Shemilt, Denis. “The Caliph's Coin: The Currency of Narrative Frameworks in History Teaching.” In Knowing, Teaching, and Learning History: National and International Perspectives, edited by Peter N. Stearns, Peter Seixas, and Sam Wineburg, 83-101. New York: New York University Press, 2000.
In this chapter, Shemilt reviews a number of studies conducted in British elementary and
high schools to determine how teachers use narrative frameworks to teach about the past. Based on the results from these studies the author outlines four levels of narrative frameworks for use in history teaching.

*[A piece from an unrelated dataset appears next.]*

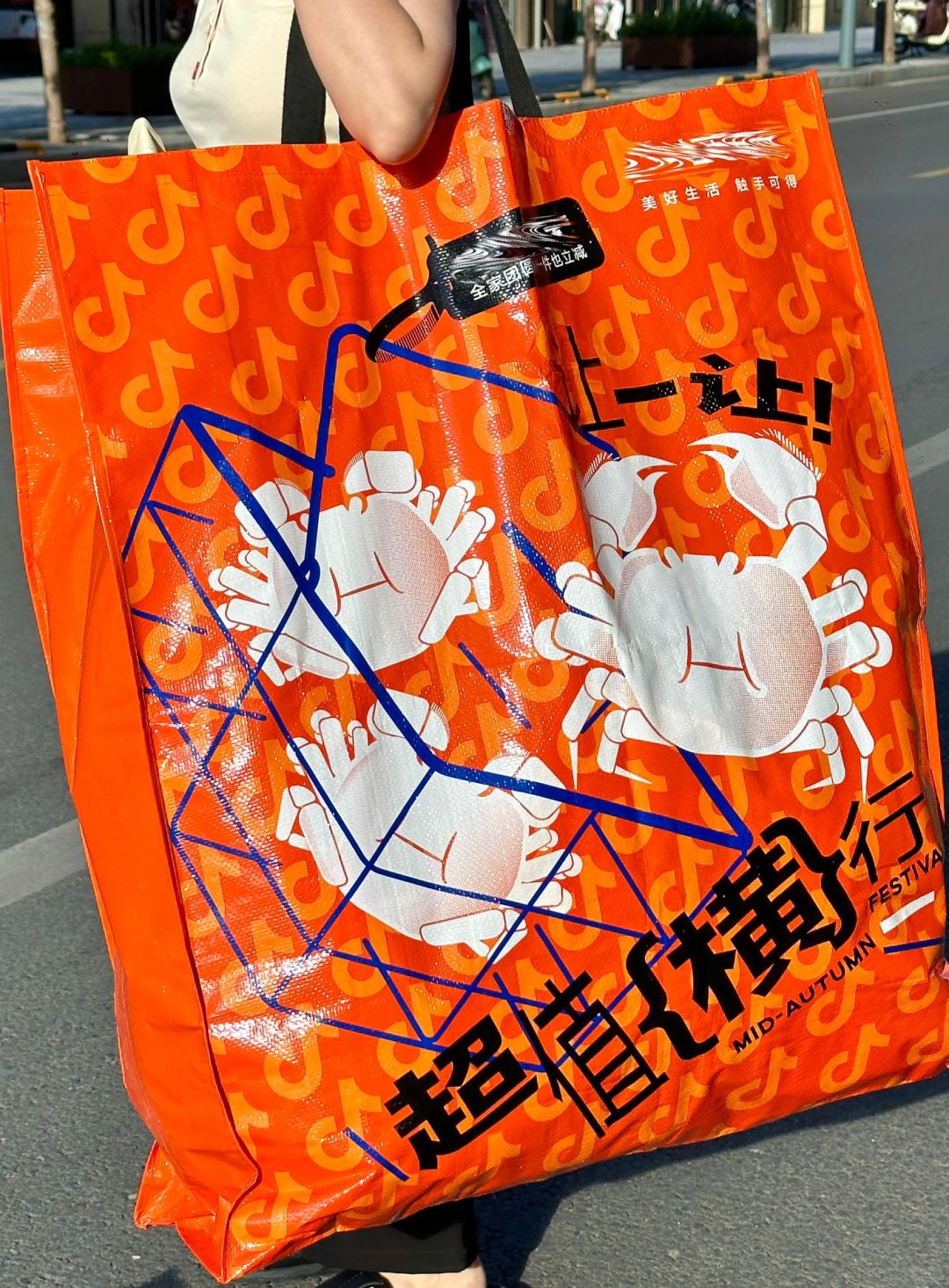 男朋友非要我发出来…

At the first level, “a chronologically ordered past,” teachers can teach history by means of timelines with varying degrees of detail and description. History is thus pictured as a map. In contrast, in the second level teachers present history as a story. At this level, “coherent historical narratives,” meaning is attached to every event in the chronology. At the third level, “multidimensional narratives,” Shemilt suggests that teachers use three interlocking dimensions to construct a narrative: means of production and population history, forms of social organization, and cultural and intellectual history. Lastly, at the “polythetic narrative frameworks” level, teachers are asked to teach history in a way that will allow students to understand that truth is constructed and there is no one narrative of the past.
Shemilt concludes that history education should capture “the big picture” through different types of narrative construction rather than focus on individual events that seem disconnected.